Question

A heat pump with refrigerant-134a as the working fluid is used to keep a space at \(25^{\circ} \mathrm{C}\) by absorbing heat from geothermal water that enters the evaporator at \(60^{\circ} \mathrm{C}\) at a rate of \(0.065 \mathrm{kg} / \mathrm{s}\) and leaves at \(40^{\circ} \mathrm{C}\). Refrigerant enters the evaporator at \(12^{\circ} \mathrm{C}\) with a quality of 15 percent and leaves at the same pressure as saturated vapor. If the compressor consumes \(1.6 \mathrm{kW}\) of power, determine \((a)\) the mass flow rate of the refrigerant, \((b)\) the rate of heat supply, \((c)\) the \(\mathrm{COP}\), and \((d)\) the minimum power input to the compressor for the same rate of heat supply.

Short answer

Question: Determine the mass flow rate of the refrigerant, the rate of heat supply, the coefficient of performance (COP), and the minimum power input to the compressor for a heat pump using Refrigerant-134a as the working fluid and absorbing heat from geothermal water. Given Information: - Geothermal water enters the evaporator at 60°C and leaves at 40°C. - Power input to the cycle is 1.6 kW. - The refrigerant enters the evaporator with a temperature of 12°C and a dryness fraction of 0.15, and leaves the evaporator as saturated vapor. Solution: - Use the given information to calculate the heat gained by the refrigerant in the evaporator. - Use refrigerant properties to find enthalpy and entropy at the given states. - Apply the first law of thermodynamics to the evaporator and cycle. - Calculate the mass flow rate of the refrigerant, rate of heat supply, and COP. - Determine the minimum power input to the compressor using the isentropic efficiency.
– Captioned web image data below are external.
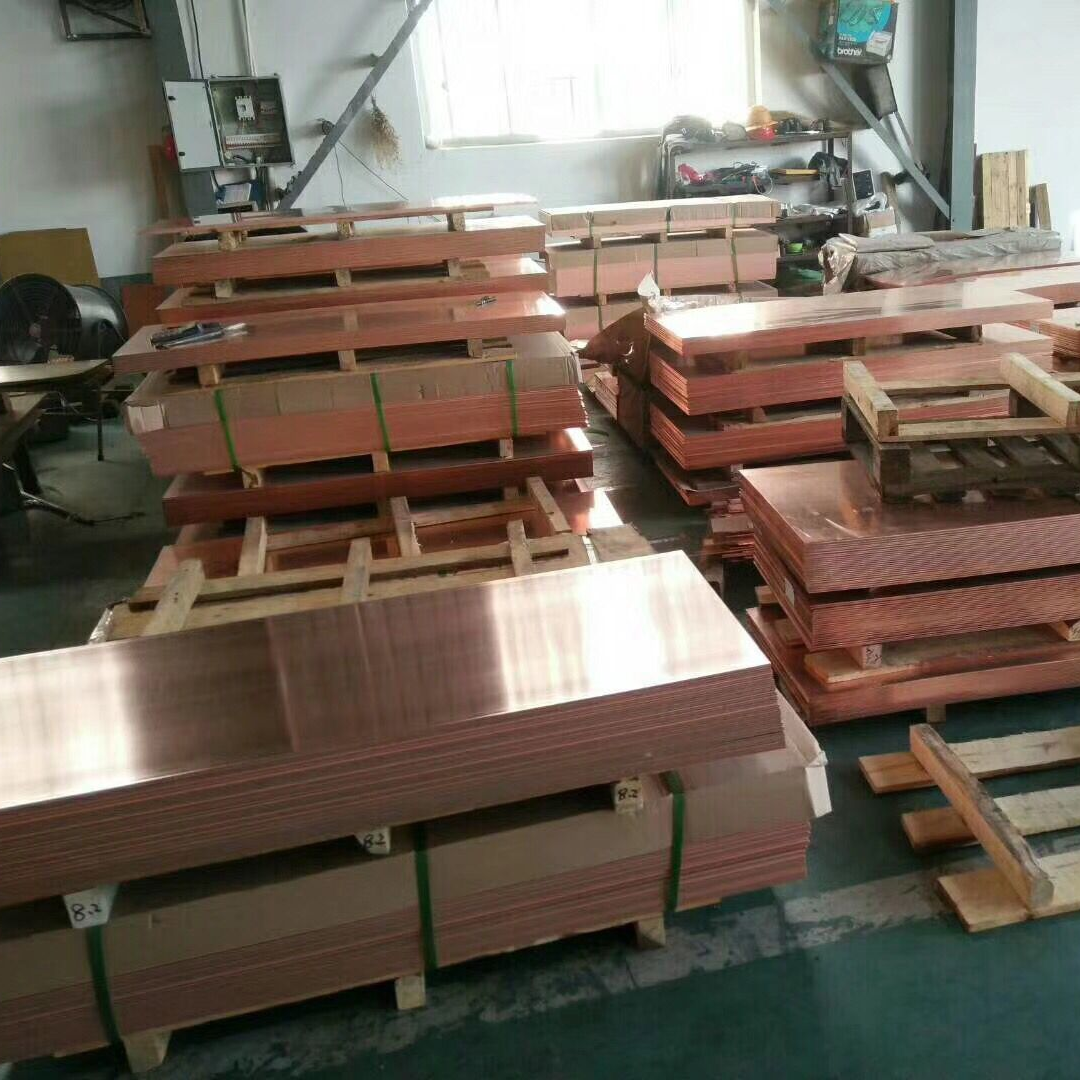 C11000 C12200 pure copper plate / copper sheets manufacturer price 1000*2000mm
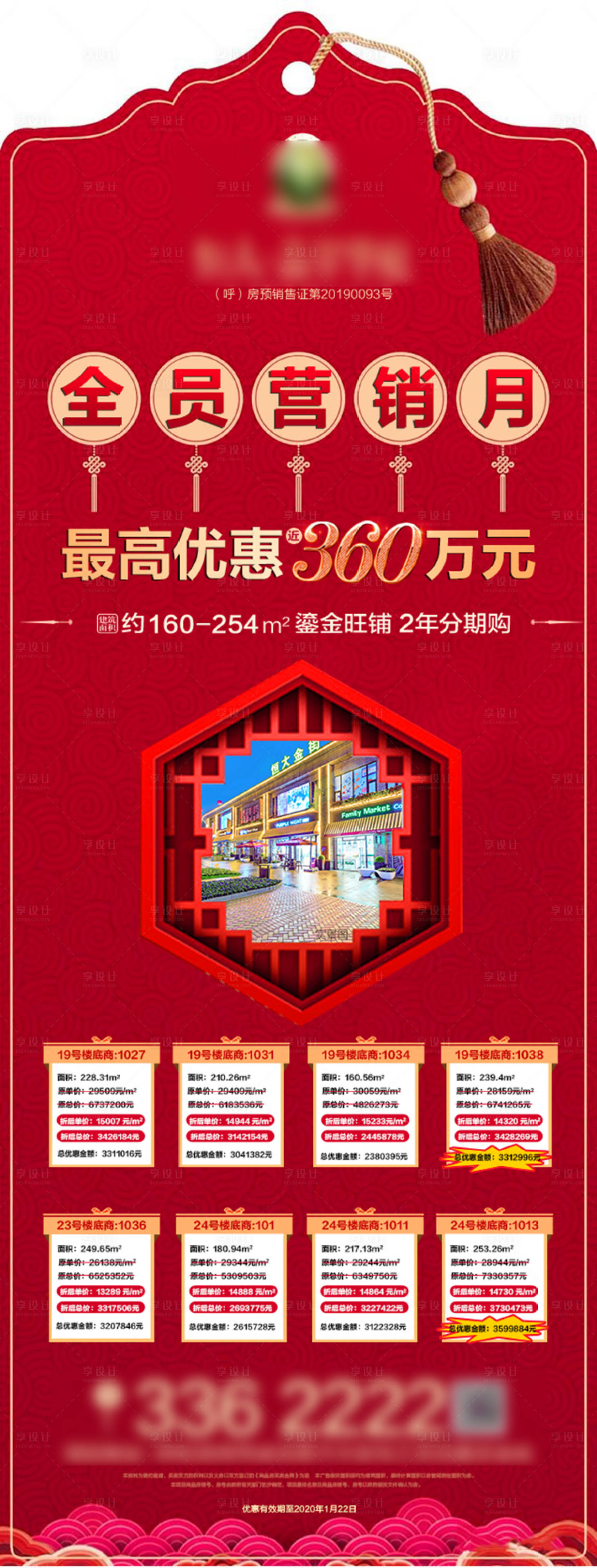源文件下載【享設計】搜索編號：75030001106088439【全民營銷月特價房異形海報】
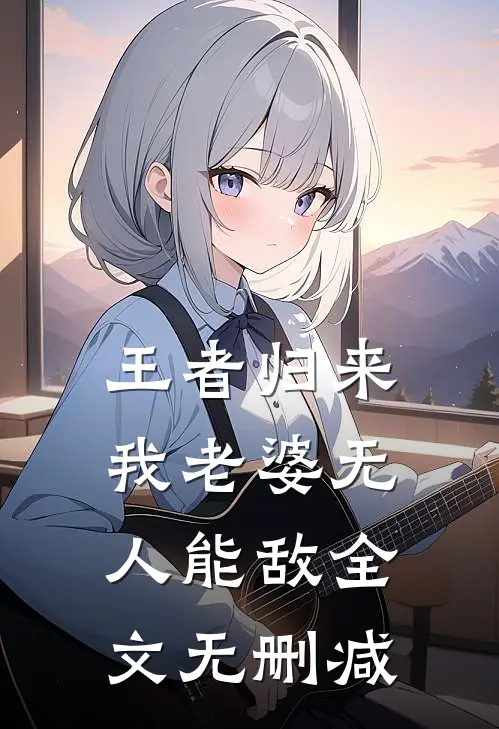 王者归来：我老婆无人能敌全文无删减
Provide your answers for the mass flow rate, rate of heat supply, COP, and minimum power input.

Step-by-step solution

Consider the Heat Transferred to the Heat Pump

Since the geothermal water enters the evaporator at \(60^{\circ} \mathrm{C}\) and leaves at \(40^{\circ} \mathrm{C}\), it loses \((60 - 40) \times 0.065 = 1.3 \text{ kJ/s}\) of heat to the evaporator. Therefore, the heat gained by the refrigerant in the evaporator is \(Q_{in} = 1.3 \text{ kJ/s}\).

Refrigerant Properties

To find the mass flow rate of the refrigerant, we need to find the enthalpy and entropy of the refrigerant at given states. Before Evaporator: \(T_1 = 12^{\circ} \mathrm{C}\) and \(x_1 = 0.15\) After Evaporator: Saturated Vapor (same pressure as before) \(T_2 \approx 12^{\circ} \mathrm{C}\) and \(x_2 = 1\) We'll use the saturated tables for Refrigerant-134a to find the properties (enthalpy and entropy) at these points: \(h_1 = (1-x_1)h_{f1} + x_1h_{g1}\) \(s_1 = (1-x_1)s_{f1} + x_1s_{g1}\) \(h_2 = h_{g2}\) \(s_2 = s_{g2}\)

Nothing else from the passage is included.